Wednesday, 20 February 2013

One read leads to another...

Marwood studio is currently 'on location'. It works well. It means more space, thoughts, fresh air and somehow more hours in the day. This creates the perfect time for researching and reviving -  getting ready for the next season. 

Reading an old copy of Gentlewoman meant coming across Asif Khan's name again today. It was an interesting interview with his fellow architect/collaborator, Pernilla Ohrstedt. Working on a freelance design job a couple of years ago meant we worked in the same studio as Asif. His screensaver image was intriguing at the time and much more interesting than the job in hand. It turns out it was this image...

Harvest by Asif Khan 

His work seemed busy, exciting and as already mentioned... intriguing. We love collaborating at Marwood... Pernilla said it well when she said that she prefers sharing ideas, creating something with someone else. Projects we have created with others (Russell Weekes, Sam Kerr, E-i-B, Other Shop... and others to come in 2013) have always held more heart in a way.
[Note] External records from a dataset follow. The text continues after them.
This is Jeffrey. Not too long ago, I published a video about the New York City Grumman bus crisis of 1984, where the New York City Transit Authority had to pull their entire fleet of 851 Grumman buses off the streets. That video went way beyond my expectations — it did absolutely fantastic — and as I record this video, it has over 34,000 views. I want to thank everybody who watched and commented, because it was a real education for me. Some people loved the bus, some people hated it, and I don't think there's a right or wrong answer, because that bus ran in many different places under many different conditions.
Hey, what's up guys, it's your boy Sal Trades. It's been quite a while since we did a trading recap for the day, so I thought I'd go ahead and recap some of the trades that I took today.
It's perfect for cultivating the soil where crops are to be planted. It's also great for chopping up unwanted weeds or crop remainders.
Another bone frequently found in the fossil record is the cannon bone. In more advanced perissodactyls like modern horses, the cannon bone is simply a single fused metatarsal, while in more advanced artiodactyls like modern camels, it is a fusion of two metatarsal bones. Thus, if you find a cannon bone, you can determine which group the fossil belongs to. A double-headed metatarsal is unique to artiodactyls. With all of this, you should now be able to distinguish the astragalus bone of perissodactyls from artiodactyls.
So, just out of appreciation.. here are some beautiful images of the latest collaboration that Asif Khan has worked on with Swarovski. Link here for more - a lot more. Enjoy. Be inspired. We were.
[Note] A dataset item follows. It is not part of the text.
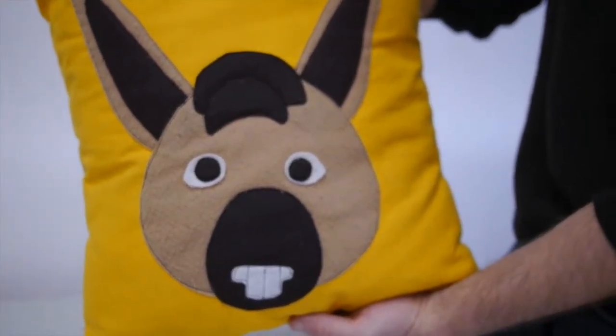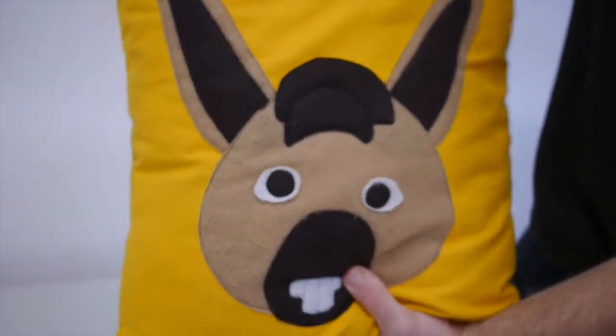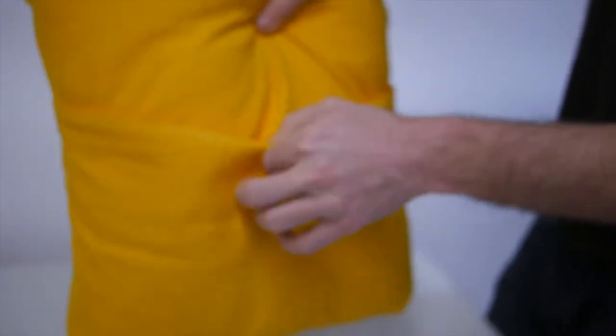Here we have a super fun piece from Julia who runs the Pink Baby Mouse shop in Brooklyn, New York. This is a great way to add some special style to a kid's room, couch decoration, or maybe you just have a special animal you love.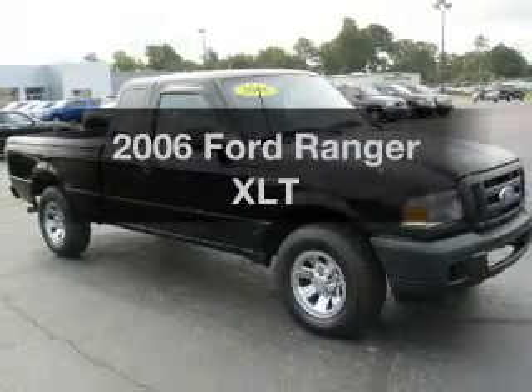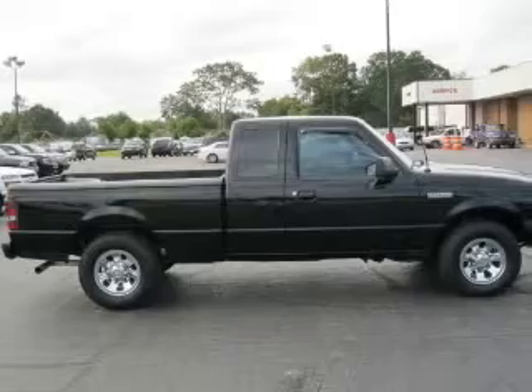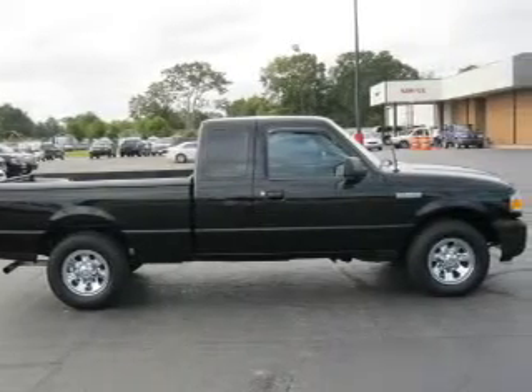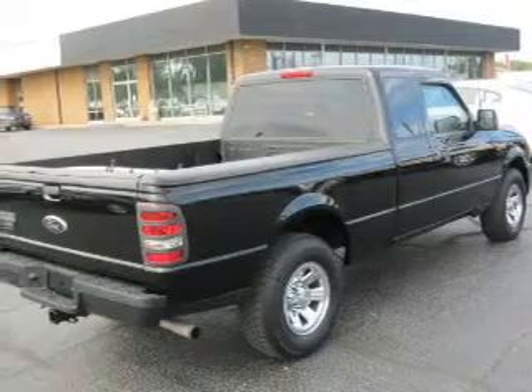Check out this 2006 Ford Ranger. If you're looking for an automobile with great attributes, look no further. With a solid six-cylinder engine connected to a smooth-shifting five-speed automatic transmission.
This immersive installation, designed in collaboration with Swarovski Crystal Palace, explores the relationship between the refractive qualities of crystal, light, nature and architecture. Inspired by the optical properties of water particles in the sky, which form ice crystals, the installation recreates the illusion of the 'ice halo' phenomenon in the sub-tropical climate of Miami Beach. Atmospheric phenomena such as ice halos, were used as part of weather lore as an empirical means of weather forecasting before meteorology was developed.
Parhelia, derived from the Greek for "Beside the Sun", incorporates over 1 million Swarovski crystals in an architectural structure nearly 6m high and features crystallised halos that appear to move about the exhibition space. Inside the structure, a geometric design is reflected infinitely in the honeycomb crystal panelling. A skylight allows natural light to interact with the architecture, thereby creating a dynamic visual display that changes from day to night. Parhelia explores the sensory influence of crystal, and their phototropic effect on humans.